Scraped caption text data
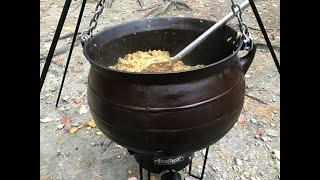 Jambalaya in a 15 Gallon Cast Iron Cauldron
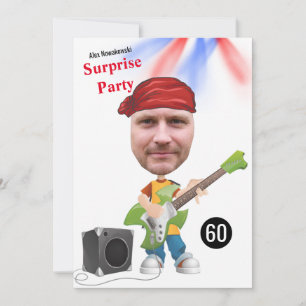 60th Mens 🎸🤣 Rockstar Birthday Guitar Funky Fun  Invitation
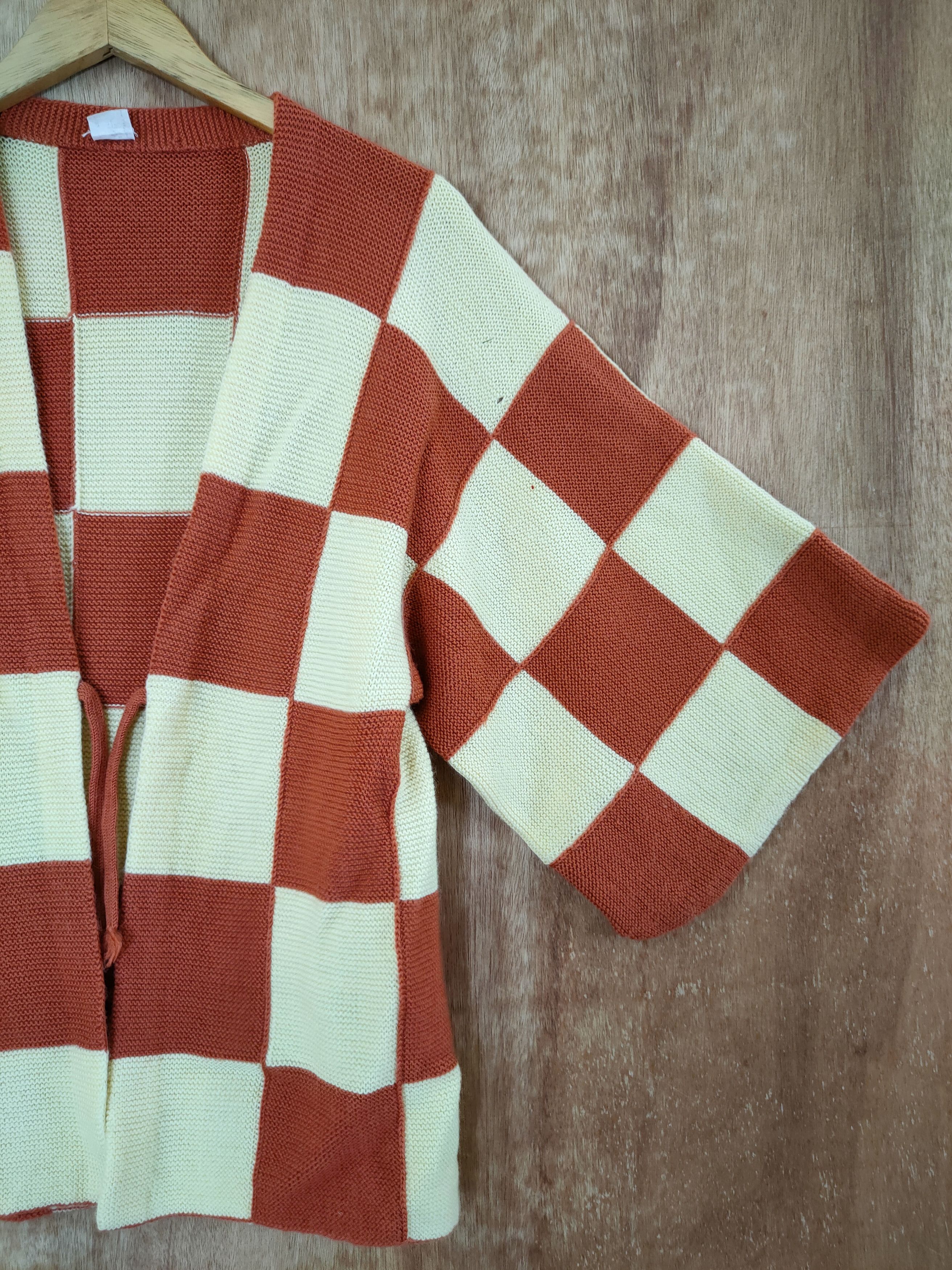Japanese Brand Japan vintage checkered kimono knitwear cardigan #46-572DLL Size US S / EU 44-46 / 1 - 3 Thumbnail
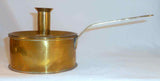 Antique Brass Candlestick Holder With Tinder Box Base and Flat Handle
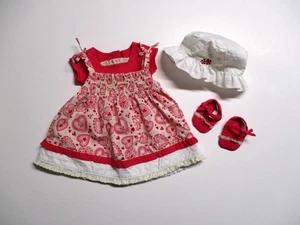 American Girl Bitty Baby 2008 Little Sweetie Heart Dress Tee Shoes & Hat Outfit - Picture 1 of 3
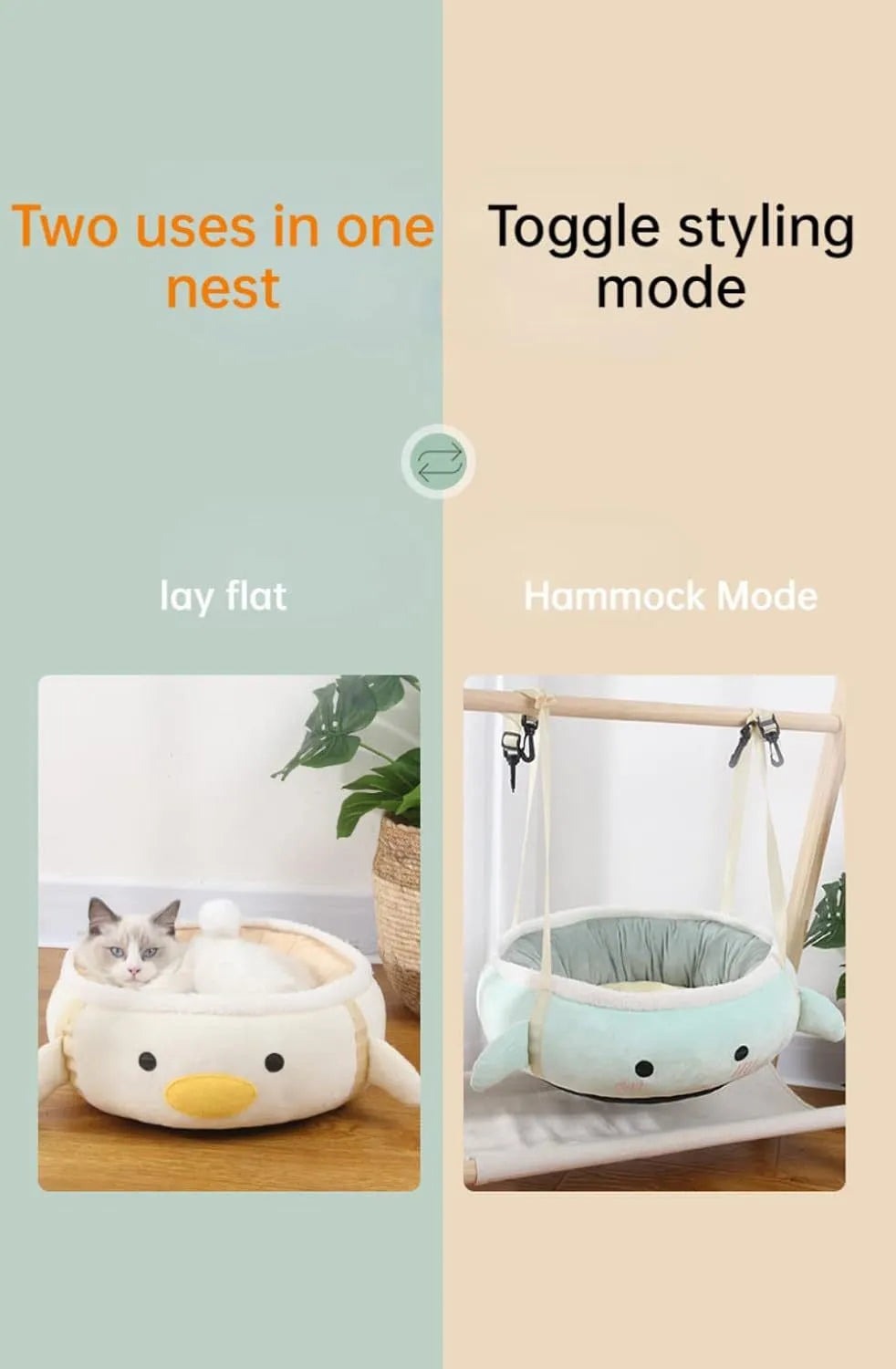 Green dinosaur and chick shaped cat bed shown both flat and hanging as a hammock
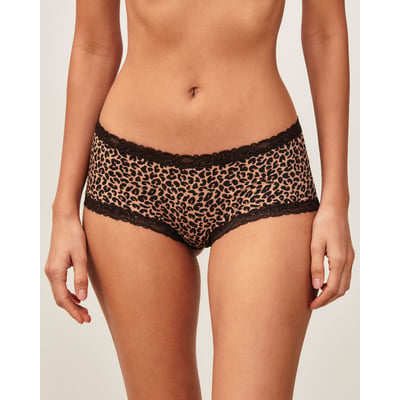 Shorty en microfibre et dentelle imprimé léopard ALVALIZ PRINTI UNDIZ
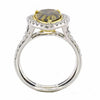 LARGE 4.39CT WHITE & FANCY GREEN-YELLOW DIAMOND 18KT 2 TONE GOLD PEAR SHAPE RING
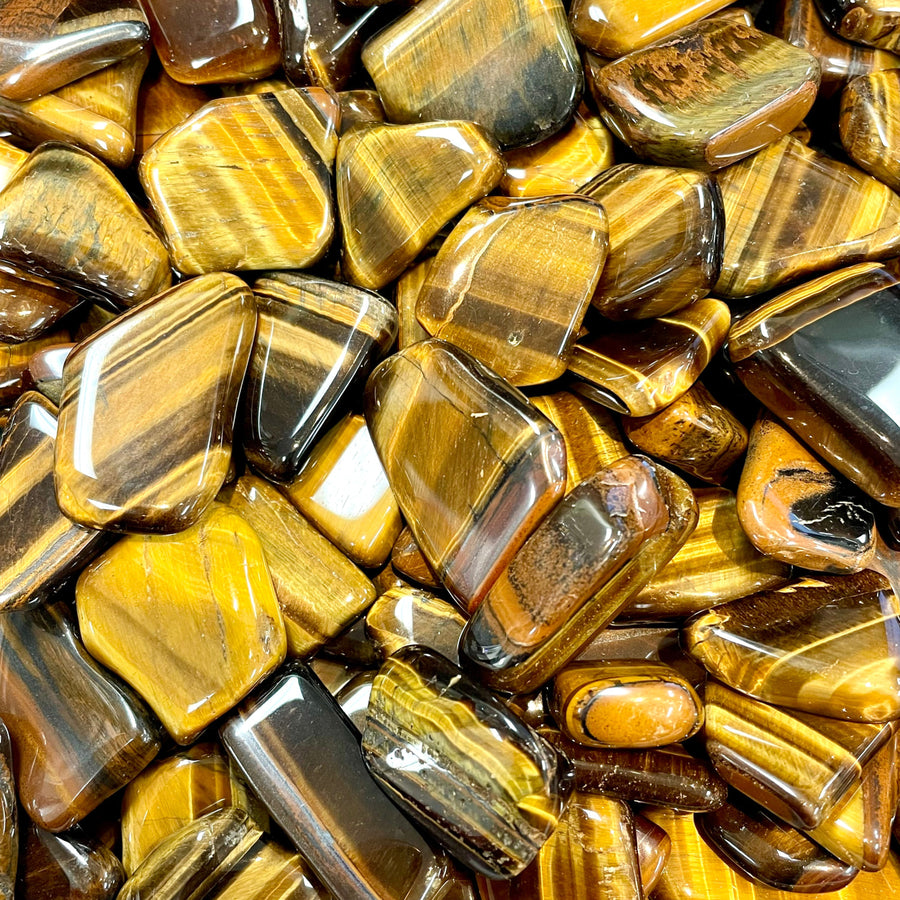 Polished Tiger’s Eye Tumbled #T323 with golden-brown striped patterns gemstones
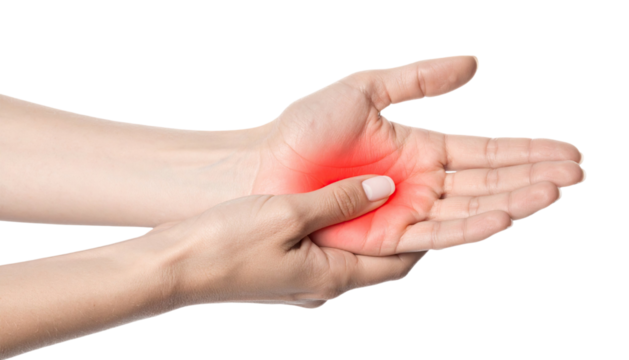 Person experiencing hand pain holding wrist isolated on white background
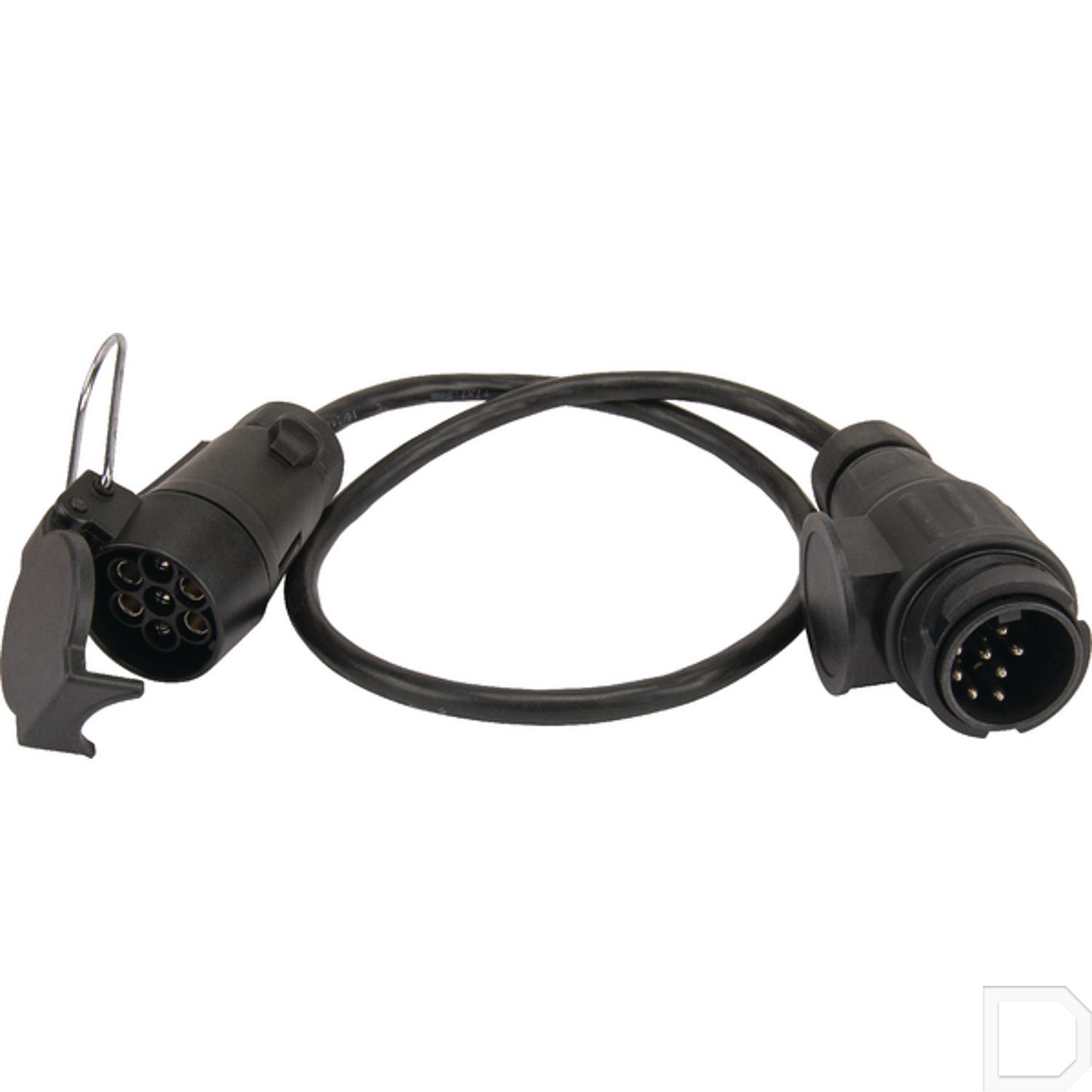 JVJ Adapterkabel, van 7-polig naar 13-polig, 12 V, 2 m, verlengkabel voor aanhanger, caravan, camper of auto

*BRIEF*: Copy each entry exactly as written, and drop the pictures from the copy.

*WRITTEN ANSWER*:
 Jambalaya in a 15 Gallon Cast Iron Cauldron
 60th Mens 🎸🤣 Rockstar Birthday Guitar Funky Fun  Invitation
Japanese Brand Japan vintage checkered kimono knitwear cardigan #46-572DLL Size US S / EU 44-46 / 1 - 3 Thumbnail
 Antique Brass Candlestick Holder With Tinder Box Base and Flat Handle
 American Girl Bitty Baby 2008 Little Sweetie Heart Dress Tee Shoes & Hat Outfit - Picture 1 of 3
 Green dinosaur and chick shaped cat bed shown both flat and hanging as a hammock
 Shorty en microfibre et dentelle imprimé léopard ALVALIZ PRINTI UNDIZ
 LARGE 4.39CT WHITE & FANCY GREEN-YELLOW DIAMOND 18KT 2 TONE GOLD PEAR SHAPE RING
 Polished Tiger’s Eye Tumbled #T323 with golden-brown striped patterns gemstones
 Person experiencing hand pain holding wrist isolated on white background
 JVJ Adapterkabel, van 7-polig naar 13-polig, 12 V, 2 m, verlengkabel voor aanhanger, caravan, camper of auto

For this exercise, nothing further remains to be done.